The joint occupation lasted 13 years, until 1872, when an international panel ruled that the archipelago belonged to the U.S. Today, military relics, including dugouts where the Americans set up artillery, help the Park Service spread a message of nonviolence. “By God, a war didn’t happen here. Peace happened here,” says Vouri. “Nobody was killed— except a pig!”
Cradle of Camelot
He was a bank president. She, a daughter of politics. Newly married, ambitious and above all independent, they alit from their extended clans for the Boston suburbs with deliberate intentions: to start their own family in a bedroom community with good schools and a respectable Catholic church.
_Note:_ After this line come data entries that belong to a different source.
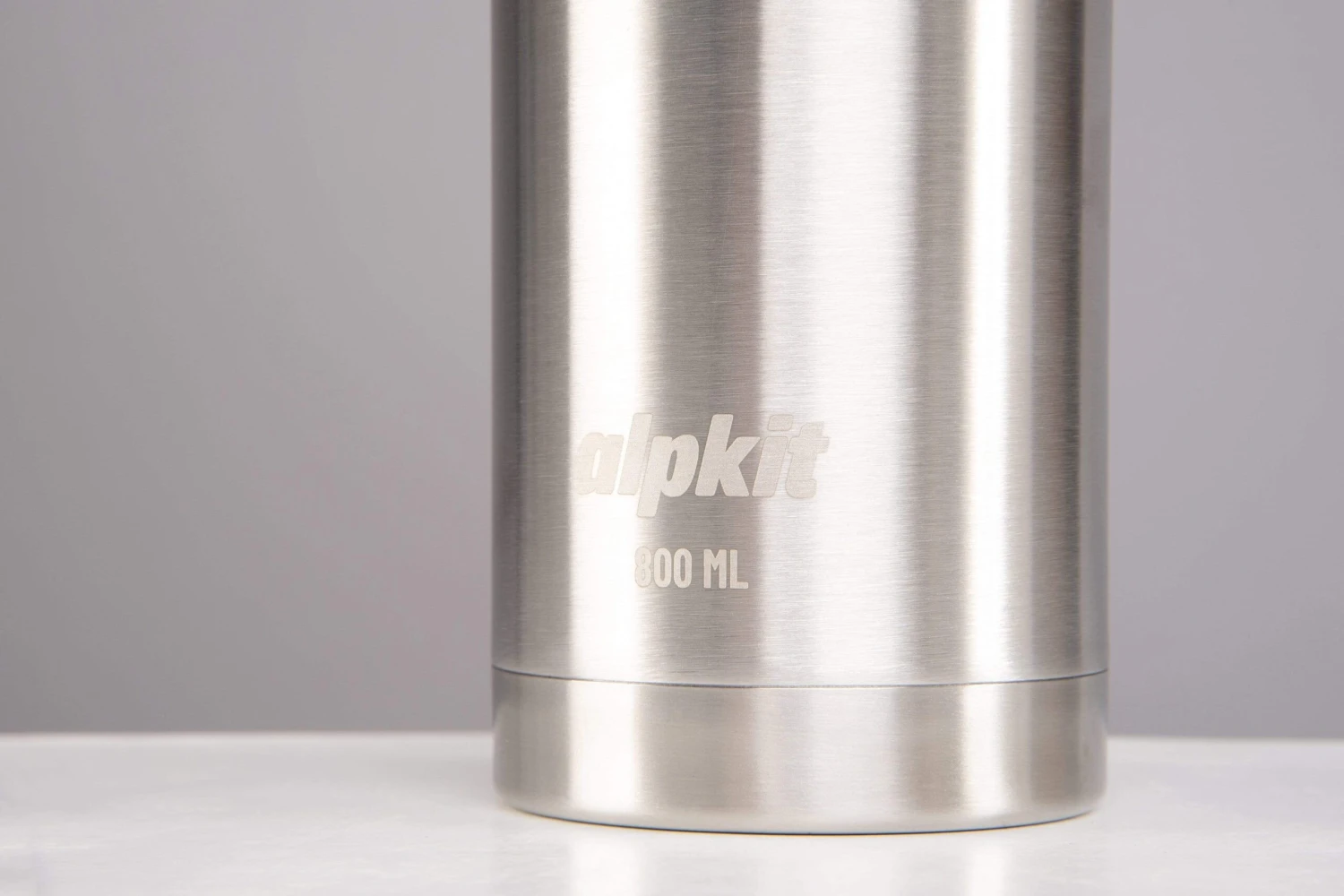 Flask 800 4 Flask 800 - Image 4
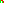 Destellos dst-299824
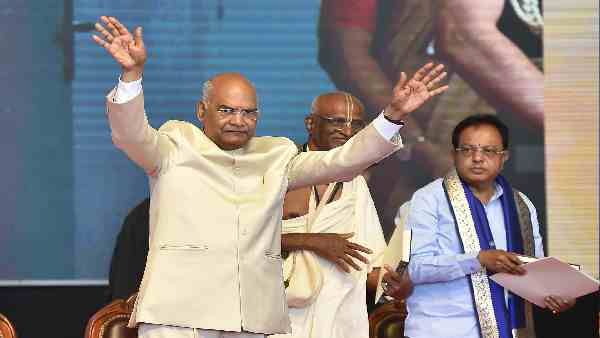 Presidential election: ક્યારે બીજેપી પર ભારે પડી શકે છે વિપક્ષ? જાણો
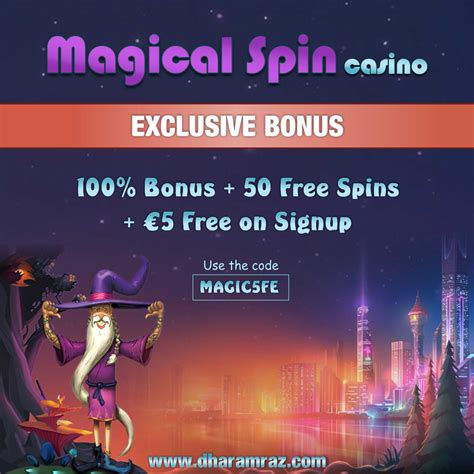 no deposit bonus codes 2019|Best Free Spins No Deposit Bonus Codes for 30 .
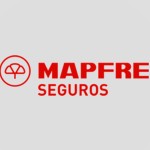 Mapfre Seguros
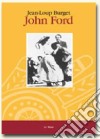 John Ford libro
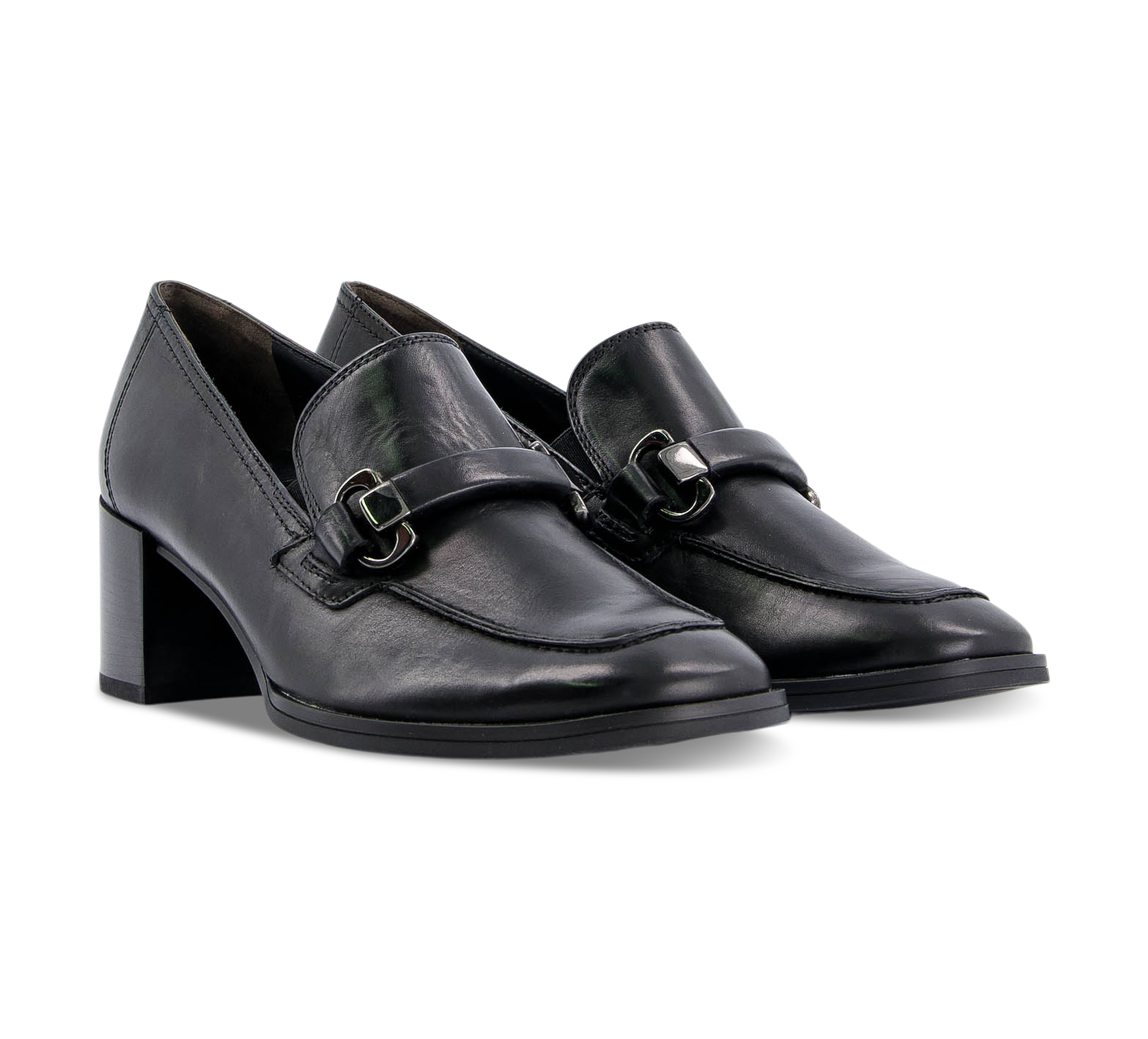 Paul Green Klassische Pumps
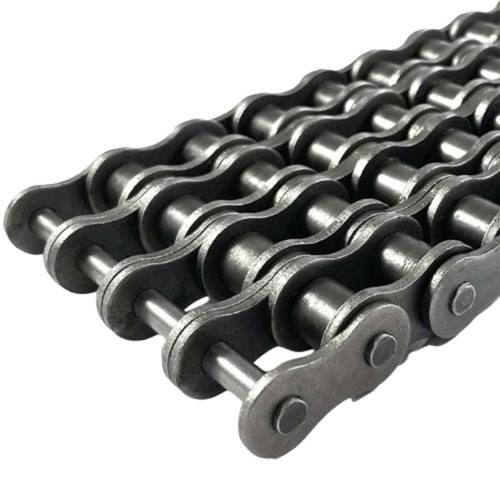 Industrial Roller Chain Manufacturers in Coorg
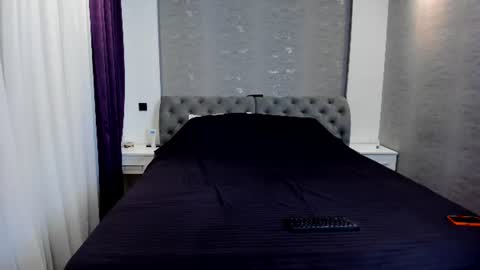DomDenizee   online show from July 2026 11:58:02 AM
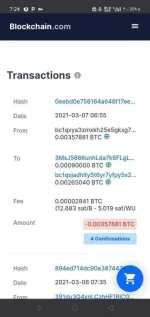Screenshot_2021-03-07-07-24-54-75.webp
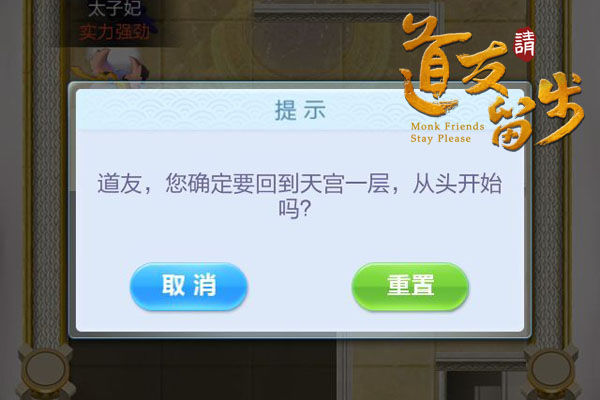 1471835731643476.jpg 1471828559601.jpg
In 1914, Joseph P. and Rose Fitzgerald Kennedy made a home for themselves at 83 Beals Street in up-and-coming Brookline, Mass.
Today the John Fitzgerald Kennedy National Historic Site, run by the National Park Service, is the only presidential birthplace set up by a first mother for ongoing tours. The Kennedys re-purchased the house in 1966, after JFK’s assassination. Rose spent the next three years re-creating her newlywed home with some of its original furnishings: wedding gifts of Irish crystal and a grand piano; the children’s monogrammed porringers and silver napkin rings; their baby bassinet and christening dress, and—yes, the modest twin bed in which Rose birthed the president.
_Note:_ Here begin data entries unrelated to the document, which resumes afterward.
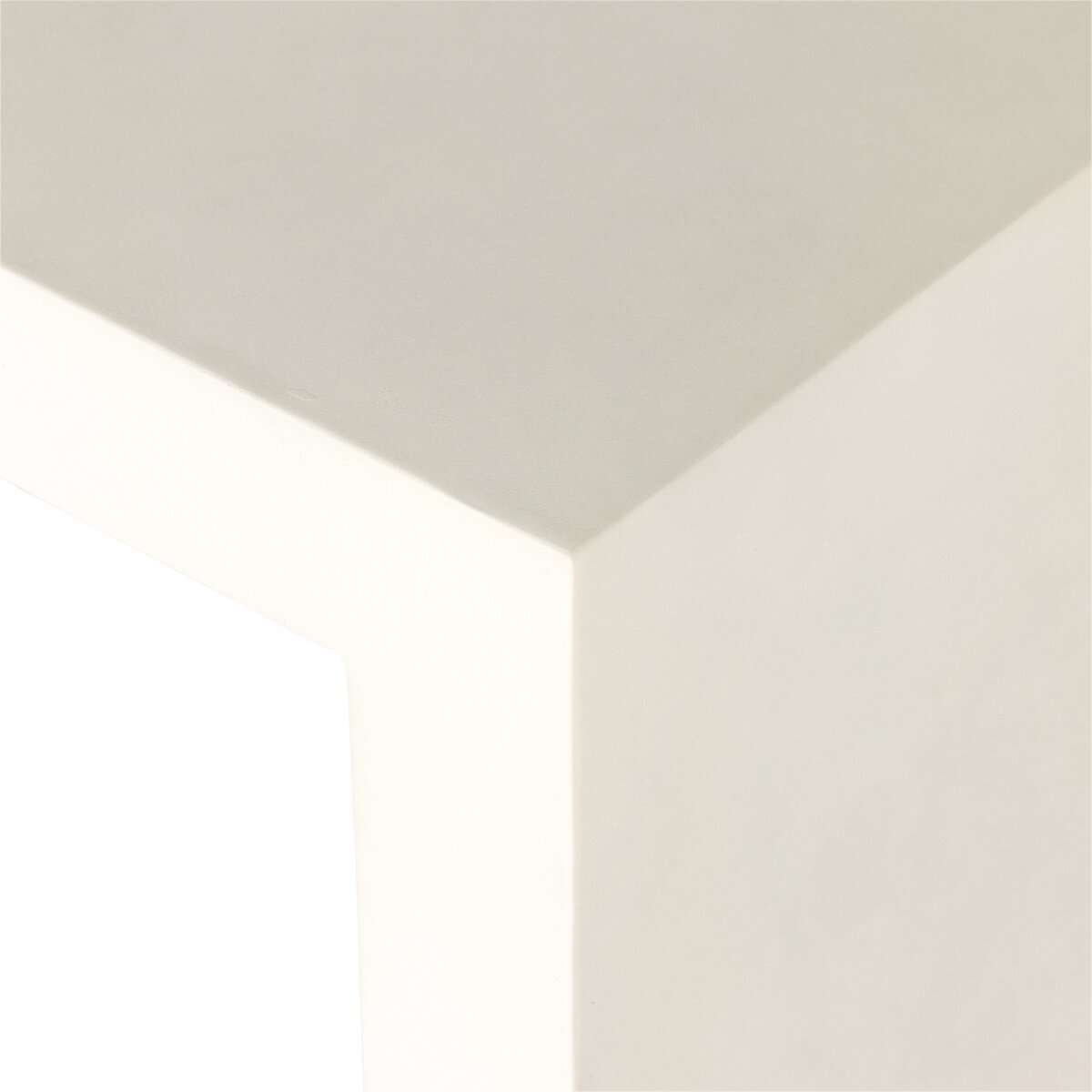 Parish End Table - Kings Fine Art & Decor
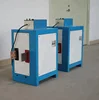Haney three phase 3000a dc industrial plating rectifier 12v anodising rectifier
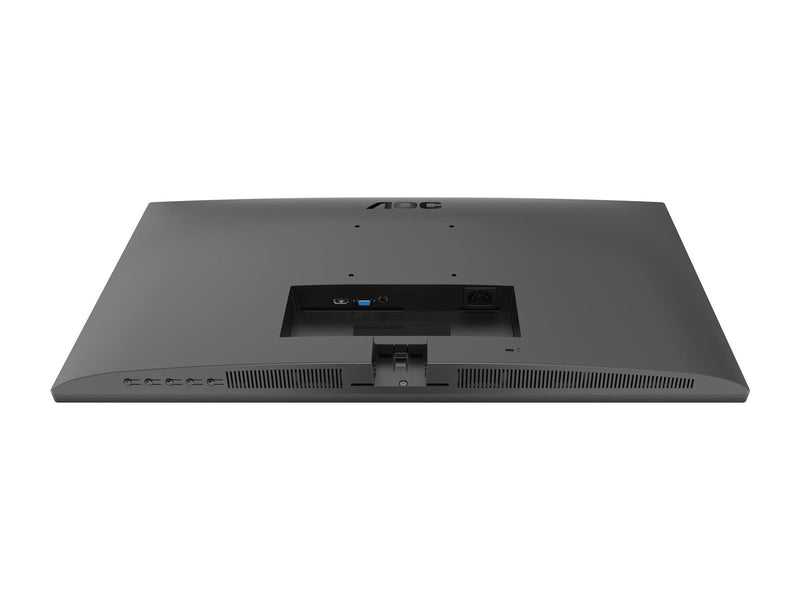 27" AOC B3 Series - 1920x1080 - 100Hz - VA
The two-and-a-half-story house, with its nine rooms, was an impressive starter home. The Kennedys further distinguished themselves from neighbors by installing not one but two telephones, and hiring a pair of live-in housemaids. Their first son, Joe, was born while the couple summered away from Brookline, but the next three Kennedy kids made their entrance in the master bedroom. On May 29, 1917, at 3 p.m., the 35th American president arrived amidst Irish linen embroidered with shamrocks and thistles. “When you hold your baby in your arms for the first time and you think of all the things you can say and do to influence him, it’s a tremendous responsibility,” Rose recalled in a recorded house tour narrative. “What you do with him and for him can influence not only him, but everyone he meets and not for a day or a month or a year but for time and eternity.”
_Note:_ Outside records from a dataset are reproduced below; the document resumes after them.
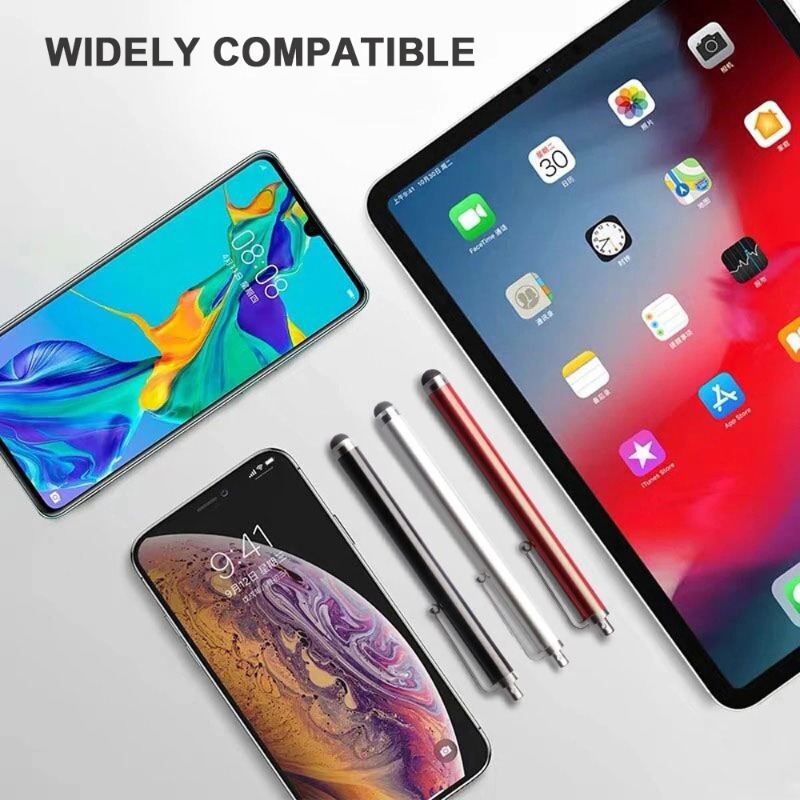 1/5/10 pezzi/lotto Penna Stilo - Samsung Tablet Drawing Accessories recensione e prezzo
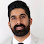 Samra Family & Cosmetic Dentistry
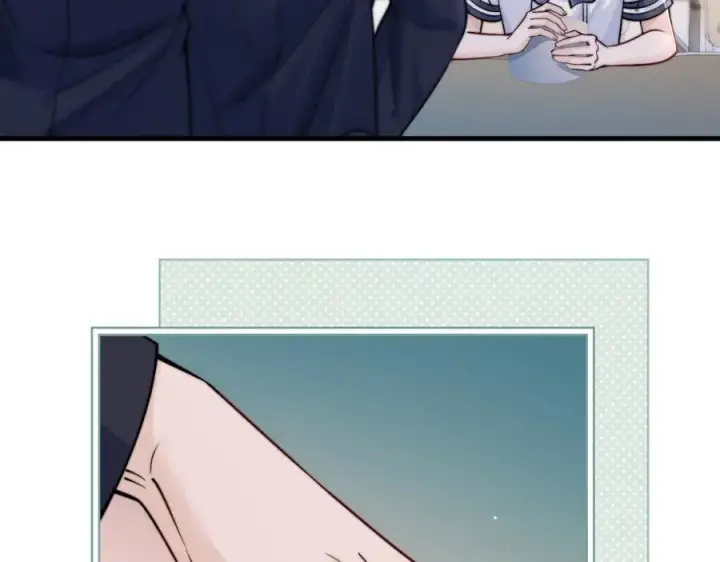 漫画《你听得见》第56话 无法治愈的伤口第9张图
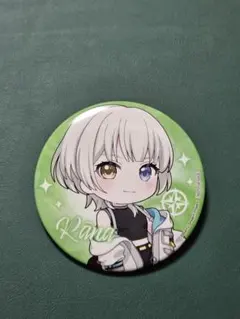 2025年最新】mygo 缶バッジ 特典の人気アイテム - メルカリ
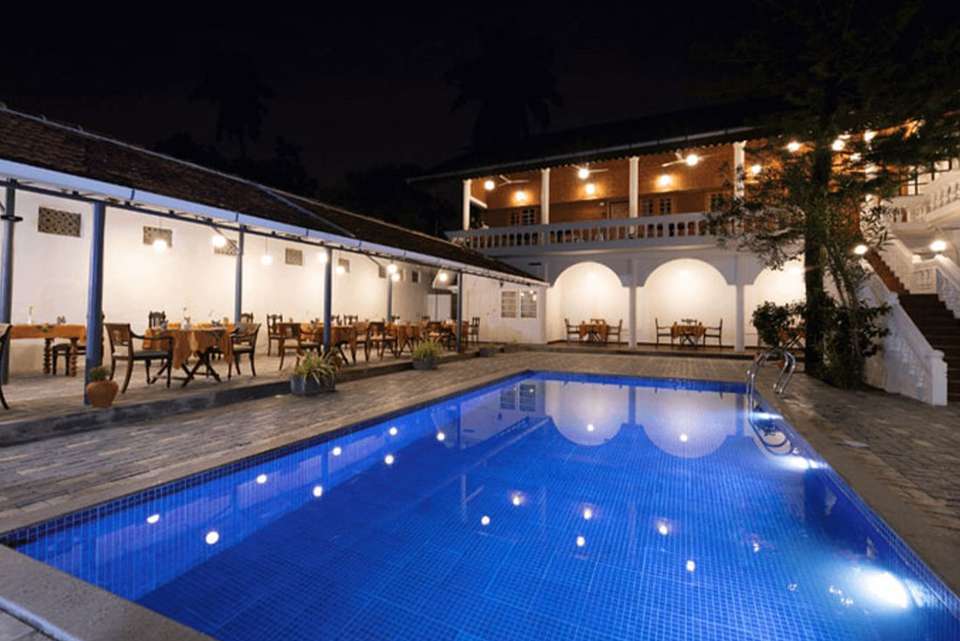 Premium North & South India - Intrepid Travel - India - Image 9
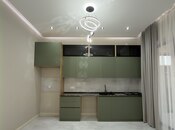 Satılır 4 otaqlı həyət evi/bağ evi 170 m², Şüvəlan q., photo 8 from 8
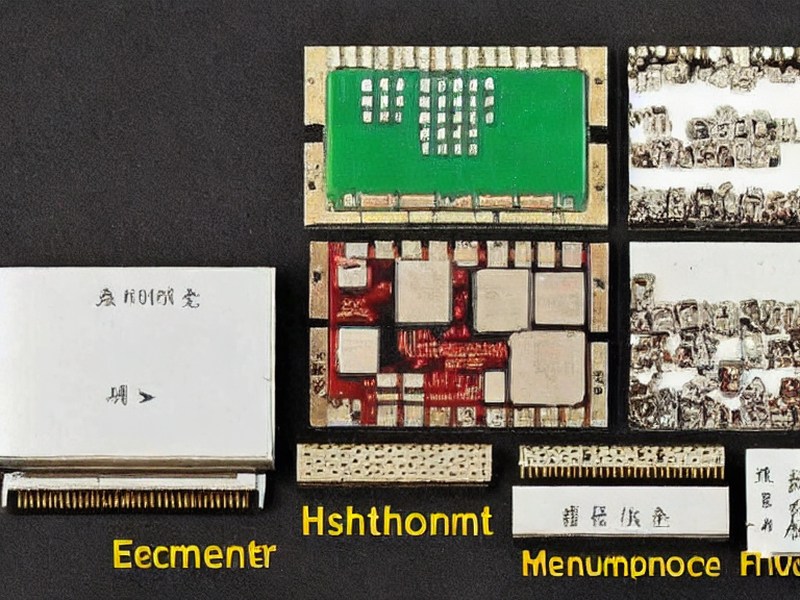 EEPROM应用DC/DC转换应用说明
Rose kept her young brood occupied mostly with books, including little Jack’s favorite, King Arthur and His Knights of the Round Table. Every day when the cook began to prep dinner, she strolled with the kids to Saint Aidan’s Church to show them that God wasn’t just for Sunday, she said. In the evening the family retired to the most important place in the house: the dining room. Never knowing when they may be called upon, the kids were expected to say grace or to talk about Gospel lessons they heard in church.
After the family moved to a larger Brookline home, the family traditions established on Beals Street continued. “Rose Kennedy really used her home as a school,” says Jim Roberts, a National Park Service ranger. When the Kennedy clan matriarch later prepared 83 Beals Street for public display, she used it as a school yet again. “I often ask people to think about what may have been going through her mind at the time that she was setting it up, because the family that lived there really didn’t exist anymore,” says Roberts. “All four children [who resided] in the house suffered some tragedy, and her husband has had a stroke by this time. Rose was the only one left to tell their story.”
Mrs. Kennedy’s memories of that early era were uplifting. “We were very happy here,” she said in the tour, “and although we did not know about the days ahead we were enthusiastic and optimistic about the future.”
Kristen Hinman is a freelance journalist in Washington, D.C.